Rural and Environment
Scottish Fuel Poverty Advisory Panel: Statement
Commenting on the First Minister’s commitment to further action in response to the cost crisis, Chair of the Scottish Fuel Poverty Advisory Panel Matthew Cole said:
“I welcome the Scottish Government’s recognition of the gravity of the cost of living crisis. If not addressed, this crisis, exacerbated by spiralling energy prices, will lead to undue hardship and suffering this winter. These unprecedented price rises, caused by the war in Ukraine and the fall-out from Covid, mean that Scottish households are facing a huge hike, in already exceptionally high energy prices, when Ofgem announces changes to the price cap from October.
“The Scottish Government estimates that at least 900,000 households in Scotland will be living in fuel poverty, with over 700,000 of these – almost 30% of all households – living in extreme poverty, by October. We forecast that the number of households in fuel poverty will only expand and increase as analysts suggest that prices will rise again in January.
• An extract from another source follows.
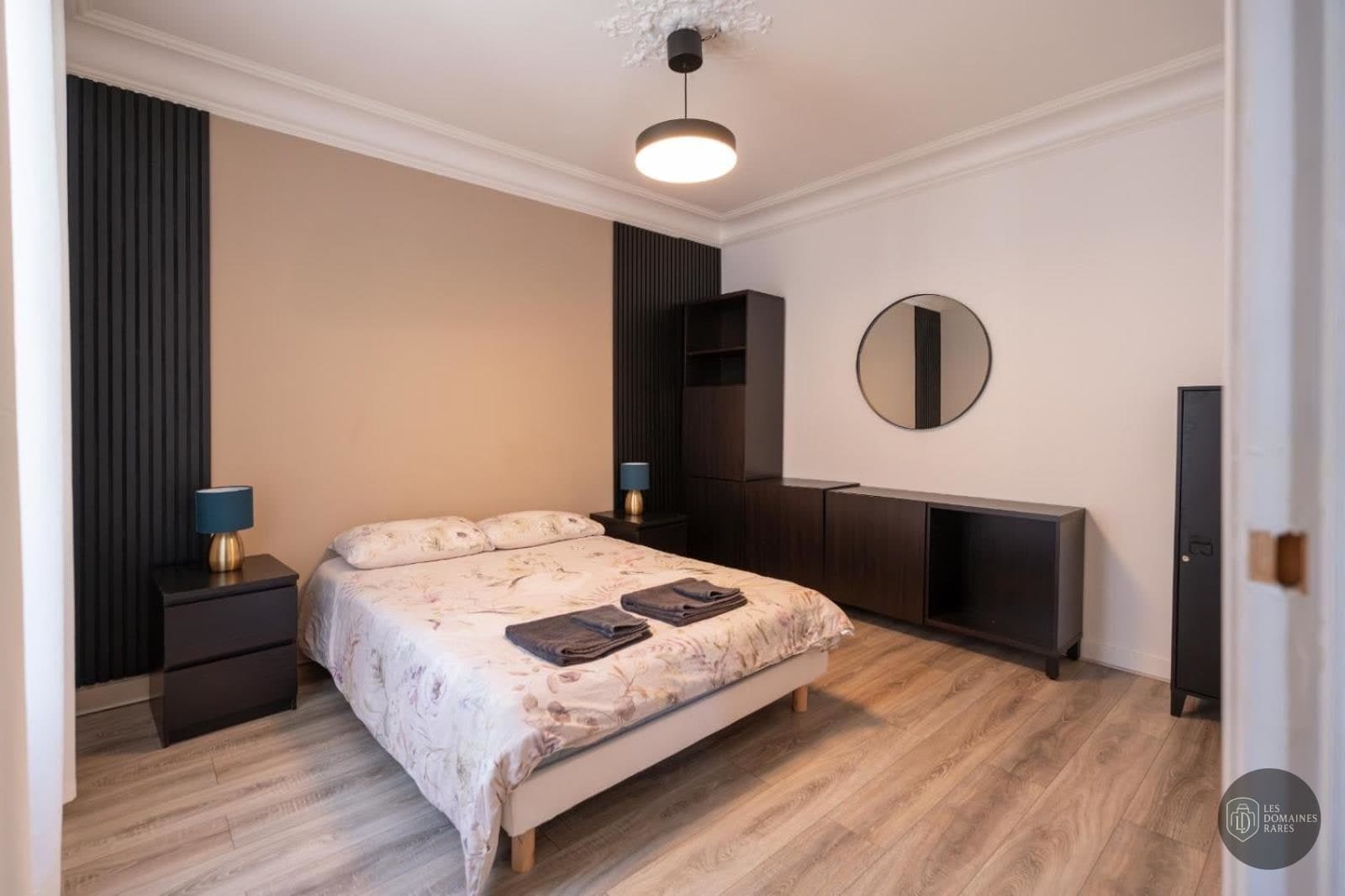 Chambre de l'hôtel Deskopolitan Paris Voltaire à Paris en Île-de-France - séminaire paris france coordonnées gps latitude : 48.852626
“Action is needed now to avoid the effects of the current crisis worsening over the winter months and impacting both the quality of life and, in some cases, life itself as families ration the energy they use.
“The Panel recognises that fuel poverty in Scotland cannot be addressed by the Scottish Government alone. It urges the Scottish Government to continue making the case for the UK Government to improve immediate, targeted, mitigation of the impact of high bills by increasing financial support, and creating sustainable measures for the prevention and alleviation of fuel poverty in the future.
“The Panel commends the ambition of the Scottish Government for its strategy to tackle fuel poverty but recognises that significant changes have occurred in the eight months since it was published. The Panel encourages the Scottish Government to take all possible action to ensure that Scotland’s fuel poverty targets, set out in the strategy, can be delivered.
“The Panel is actively engaging with advice agencies, Ofgem and the energy sector to understand what will best help people experiencing fuel poverty now and in the future. It is keen to work with those with lived experience of fuel poverty, suppliers, the regulator, and governments, to mitigate immediate fuel poverty effects, and, to identify the levers which will enable resilience in the face of energy supply and the climate change challenges in both the present and the future.”
Further information about the Scottish Fuel Poverty Advisory Panel and the Scottish Government’s fuel poverty strategy are available on the Scottish Government website. The Fuel Poverty (Scotland) Act 2019 provides further information about Scotland’s fuel poverty targets and our definition of fuel poverty.
The Scottish Government estimates are based on Ofgem’s May forecast for the October 2022 price cap of £2,800. The energy sector is now anticipating that the price cap will be much higher than £2,800. A higher price cap will mean higher numbers of those in fuel poverty and extreme fuel poverty.